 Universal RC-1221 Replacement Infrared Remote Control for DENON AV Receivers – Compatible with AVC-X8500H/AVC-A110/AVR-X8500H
=====
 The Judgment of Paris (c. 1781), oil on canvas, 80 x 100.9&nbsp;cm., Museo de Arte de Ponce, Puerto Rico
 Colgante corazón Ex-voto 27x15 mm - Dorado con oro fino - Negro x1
=====
**ACTION ITEM**
The lines above starting at the one that contains "The Judgment of" and ending at the one that contains "Colgante corazón Ex-voto" must be transcribed exactly, and no other lines may appear.

**TASK RESPONSE**
 The Judgment of Paris (c. 1781), oil on canvas, 80 x 100.9&nbsp;cm., Museo de Arte de Ponce, Puerto Rico
 Colgante corazón Ex-voto 27x15 mm - Dorado con oro fino - Negro x1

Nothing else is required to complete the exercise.